You see, Levenson’s business is in Atlanta, a predominantly black city. With a higher number of affluent black families than almost anywhere else in the country, African-Americans represent 54 percent of Atlanta’s population, and they’re more civically and commercially influential there than in any other U.S. city. Plus, the basketball team Levenson owns plays in a league where four of five players are black.
In a recently leaked e-mail, Levenson lamented the “overwhelming black audience” at Hawks games, saying it is harder to sell season tickets to a black customer base because “black fans don’t have the spendable income” for these pricier packages. Levenson also griped that there were “few fathers and sons at the games.” He astonishingly theorizes that white folks are frightened off at the site of black people at a basketball game played mostly by black players.
From Levenson’s email:
then i start looking around our arena during games and notice the following:
— it’s 70 pct black
— the cheerleaders are black
— the music is hip hop
— at the bars it’s 90 pct black
— there are few fathers and sons at the games
— we are doing after game concerts to attract more fans and the concerts are either hip hop or gospel.
Then i start looking around at other arenas. It is completely different. Even DC with its affluent black community never has more than 15 pct black audience.
Some context: Atlanta is a horrible sports town. Fans show up late, they rarely support their teams except during playoff races, and attendance ranges from mediocre (the football Falcons) to outright putrid (the Hawks were third to last in 2013-2014). Aside from the weak fandom, as we’ve established, Atlanta is mostly black. Those who do show up are going to look a lot like the city’s demographics, as they have for decades. It’s surprising that Levenson didn’t understand either of these important market drivers before buying the Hawks in 2004. Season ticket sales were going to be elusive, as they’ve always been.
The common thread with Levenson, whose comments were defended as business-minded by no less than Kareem Abdul-Jabbar, and former-Los Angeles Clippers owner Donald Sterling’s Disney villainesque, unrepentant bigotry, is in its power. This isn’t ignorance being flamed about by a broke redneck tweeting slurs from the obscurity of his doublewide. These are very rich men with controls over the communities they live in; men who wield the power to dictate outcomes. Outcomes, for instance, that result in substandard living conditions for minorities, as was the case of Sterling the slumlord, who made exploiting mostly minority populations. Or, in the case of Levenson, who is perfectly happy to sell black athletic performance as entertainment but strategizes to limit the black consumer from enjoying his product because he doesn’t think they can afford the premium offerings.

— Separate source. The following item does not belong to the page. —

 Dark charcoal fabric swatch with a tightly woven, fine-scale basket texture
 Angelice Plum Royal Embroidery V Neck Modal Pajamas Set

When you dismiss Levenson’s dollar status scale, reproduced above in its likely entirety, as mere business strategy, it becomes harder to criticize the implications of the strategy. But that doesn’t change what it is: a soft prejudice that results in real disadvantages for real people that, if not for a boneheaded e-mail, probably would not have become visible.
Racism is often not immediately apparent. Like banks and groceries stores focusing their giveaways and marketing efforts in affluent communities, the quiet prejudice of unspoken business strategies, like its redlining forebearers, corrodes without making a sound. These days, if you’re entrusted with a position of power, you can be loud, and you can be stupid, but you can’t be both. Not without the world finding out.